A Must for Tarantino Fans
Based on the 2012 film of the same name, Django Unchained is a slavery revenge fantasy in the vein of previous Tarantino movies, namely Inglourious Basterds (Holocaust revenge) and Kill Bill (rape revenge). Caught after an unsuccessful escape attempt, slaves Django and his wife Broomhilda are auctioned off to separate bidders. Whereas Hildi finds herself in the clutches of Calvin Candy – a self-proclaimed Francophile who is as rich as he is evil – Django is eventually acquired by Dr. King Schultz, a dentist-turned-bounty hunter. Schultz offers Django his freedom in return for his help identifying and killing the Brittle brothers, who were employed as overseers by Django’s previous owners. (Naturally, Django can’t believe his luck: killing white men, and getting paid for the privilege? Sign me up!)
Touched by Django’s love for Hildi (and compelled by his hatred for “the flesh trade”), the German-born Schultz takes Django on as a partner and apprentice. The two spend the winter training together, while Django earns the money to buy Hildi’s freedom. Come spring they make the journey to Candyland, ostensibly to buy a slave for the purposes of Mandingo fighting. When their ruse is discovered by the “head” house slave Stephen (power being relative), everything goes sideways, as they say.
Since the graphic novel is adapted from the original script, it contains some new material – including a number of scenes featuring Broomhilda. I’m pretty bummed that these were cut from the movie, as they helped to better flesh out her character, which mostly functions as an archetype of the damsel in distress.

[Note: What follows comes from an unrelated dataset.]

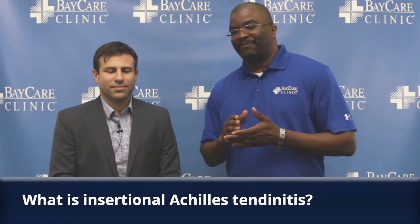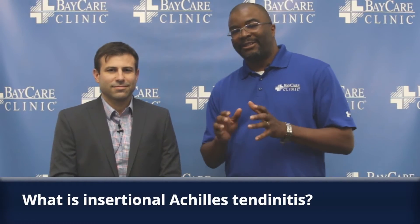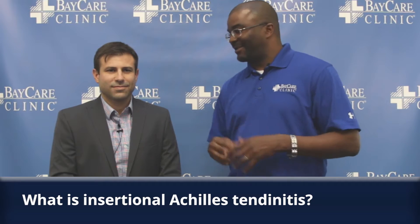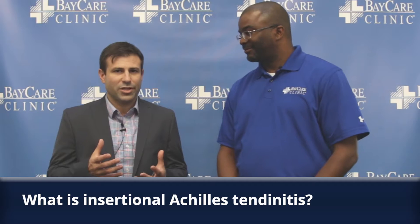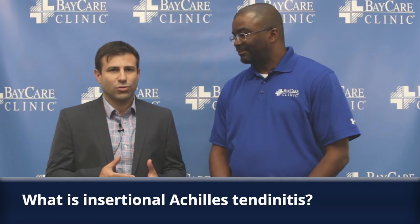Hello and welcome to the BayCare Clinic Minute. Today we're discussing insertional Achilles tendonitis. Dr. Sharon, insertional Achilles tendonitis is pain and inflammation where the Achilles inserts into the heel bone, which is basically the back of the calcaneus.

Not that this isn’t in some ways a step up from how women of color are portrayed on screen – but still, I would have liked to have gotten to know Hildi better as a person. “Little Troublemaker” hints at so many stories left untouched, don’t you think?
(In his introduction, Tarantino writes: “Django Unchained is a big epic Western. When I write big, epic scripts like this or Kill Bill, there’s a lot of stuff that doesn’t make it into the movies because they are just too f-ing big. If I were to do everything that’s in the scripts, they would be four-hour movies.” Um, I’m not really seeing the problem here…?)
While the artwork ranges from serviceable to gorgeous, and the story is faithful to the ENTIRE SCRIPT (the caps are Tarantino’s), the graphic novel sometimes fails to capture the dramatic suspense and tension of the film. I suspect that part of the problem lies in the pacing: when reading a book, the audience is mostly free to progress as quickly (or slowly) as they want – but in a film, the director sets the pace. Thus, the mood of one medium doesn’t always easily translate to another.
Take, for example, the scene in which Candy forces Django and Schultz to watch as a runaway slave is ripped apart by dogs. In the film, this scene is drawn out, stretched so thin that you can almost feel Schultz about to snap. The tension is palpable. Crackling. Unbearable. But in the comics, this exchange lasts just eight pages – eight pages that are quickly breezed through. While horrifying, it still lacks much of the visceral quality of the film.
Likewise, the final shootout scenes – the climax of the story – are surprisingly short when compared to those in the film. Consequently, the comic’s ending isn’t nearly as emotionally satisfying.
That said, I wholeheartedly recommend Django Unchained (the book and the movie) to fellow Tarantino fans. And, if you liked the comics, definitely watch the movie. It’s a much more realistic portrayal of slavery than I can ever remember reading in a high school textbook, Mandingo fighting aside. But don’t stop there! Also check out films written and produced by people of color, including those based on slave narratives, about slavery and rebellion: most recently, Steve McQueen’s 12 Years a Slave, as well as Haile Gerima’s Sankofa and Sam Greenlee’s The Spook Who Sat By the Door.
Naturally, both the book and film come with huge trigger warnings for violence, racism (the use of the n-word is rampant), and rape.
(In light of the sexual exploitation of slaves, I was terribly disappointed to see Tarantino pose with a naked and hyper-sexualized Nichole Galicia – who plays the slave Sheba – in W Magazine. Disappointed, but not surprised. See, e.g., the rape joke in Death Proof, to which Rosario Dawson objected – and lost.)